First, let's rearrange the equation as follows:
2x^2 - 2xy + y^2 = 225
(x^2 - 2xy + y^2) + x^2 = 225
(x - y)^2 + x^2 = 225
Now, we can see that this equation has the form of a Pythagorean triple, where (x - y) and x are the two legs of a right triangle, and 225 is the square of the hypotenuse.
Let's express 225 as a square number:
225 = 15^2
Substituting this back into the equation, we have:
(x - y)^2 + x^2 = 15^2
Since we are looking for ordered pairs of integers, we can create a table of perfect squares up to 15^2:
1^2 = 1
2^2 = 4
3^2 = 9
...
13^2 = 169
14^2 = 196
15^2 = 225
We can see that there are 15 perfect squares less than or equal to 15^2.

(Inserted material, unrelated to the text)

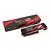 Gens Ace 7.2v 3000Mah NiMH Battery GEANM6S3000T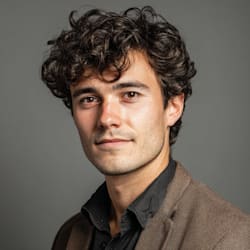 galehartman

Now, we can set up two equations and solve for (x - y) and x:
(x - y)^2 = 1 => x - y = ±1
x^2 = 225 => x = ±15
For every combination of the values of (x - y) and x, we have a unique ordered pair (x, y). Thus, there are 2 options for (x - y) and 2 options for x, giving a total of 2 * 2 = 4 ordered pairs.
Therefore, there are 4 ordered pairs of integers (x, y) that satisfy the equation 2x^2−2xy+y^2=225.